- Raw data
════

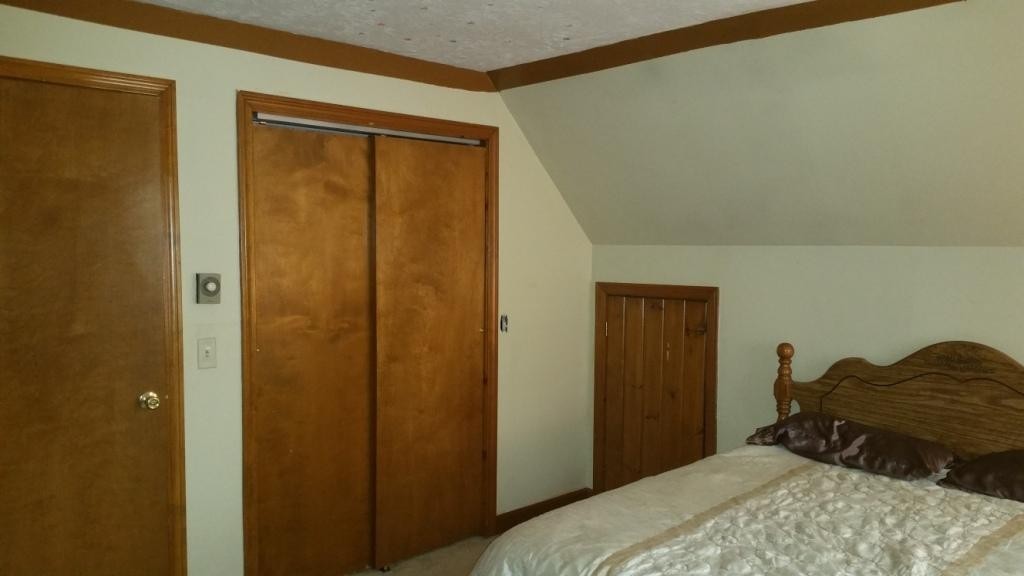 227 Torrey Road Southbridge, MA 01550 - Photo 24 of 30 a bedroom with a bed and a mirror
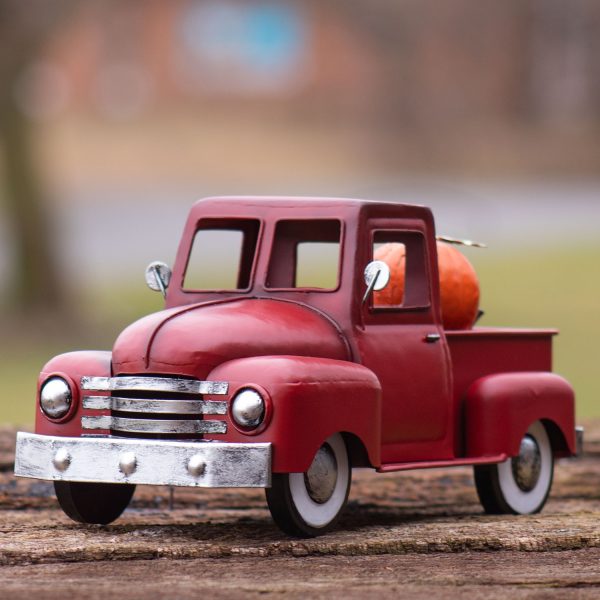 It’s painted in an antique red—deep, slightly weathered, and warm in tone. The body features smooth, rounded edges with a curved front grille and fenders. The truck bed in the back is open and flat, designed to hold small seasonal decorations. The wheels are black with silver centers, and the windows are cutouts with no glass. It has a charming, vintage look with a rustic finish perfect for seasonal displays.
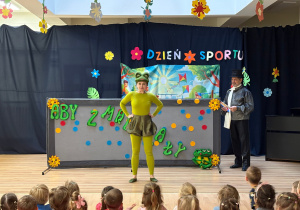 Dzieci oglądają przedstawienie na holu przedszkolnym. Na scenie występuje czarodziej i żaba.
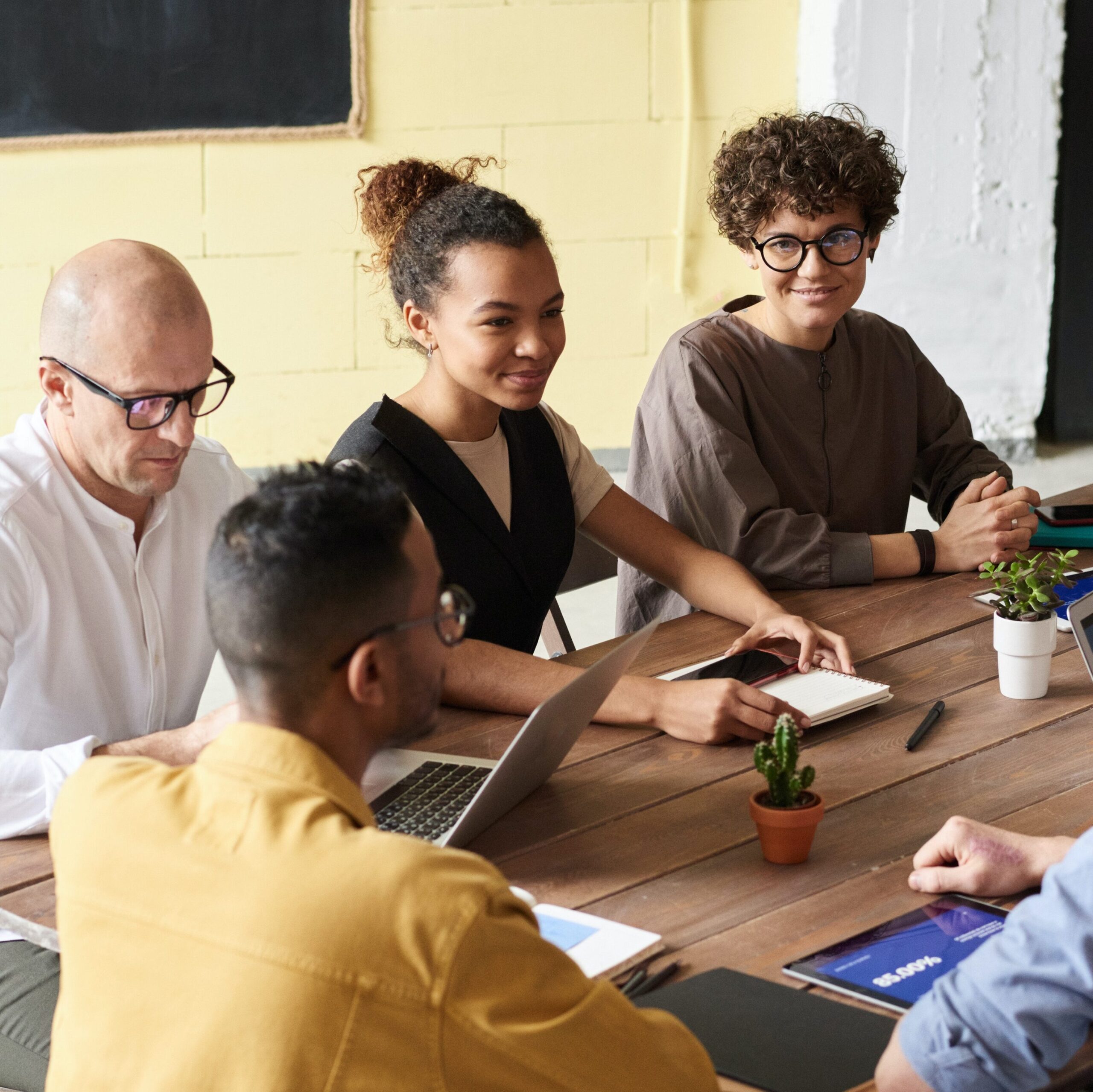 Photo of People Learning on  a Wood Table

════

- Task
Each line above should be returned exactly as written, apart from any pictures.

- Your solution
 227 Torrey Road Southbridge, MA 01550 - Photo 24 of 30 a bedroom with a bed and a mirror
 It’s painted in an antique red—deep, slightly weathered, and warm in tone. The body features smooth, rounded edges with a curved front grille and fenders. The truck bed in the back is open and flat, designed to hold small seasonal decorations. The wheels are black with silver centers, and the windows are cutouts with no glass. It has a charming, vintage look with a rustic finish perfect for seasonal displays.
 Dzieci oglądają przedstawienie na holu przedszkolnym. Na scenie występuje czarodziej i żaba.
 Photo of People Learning on  a Wood Table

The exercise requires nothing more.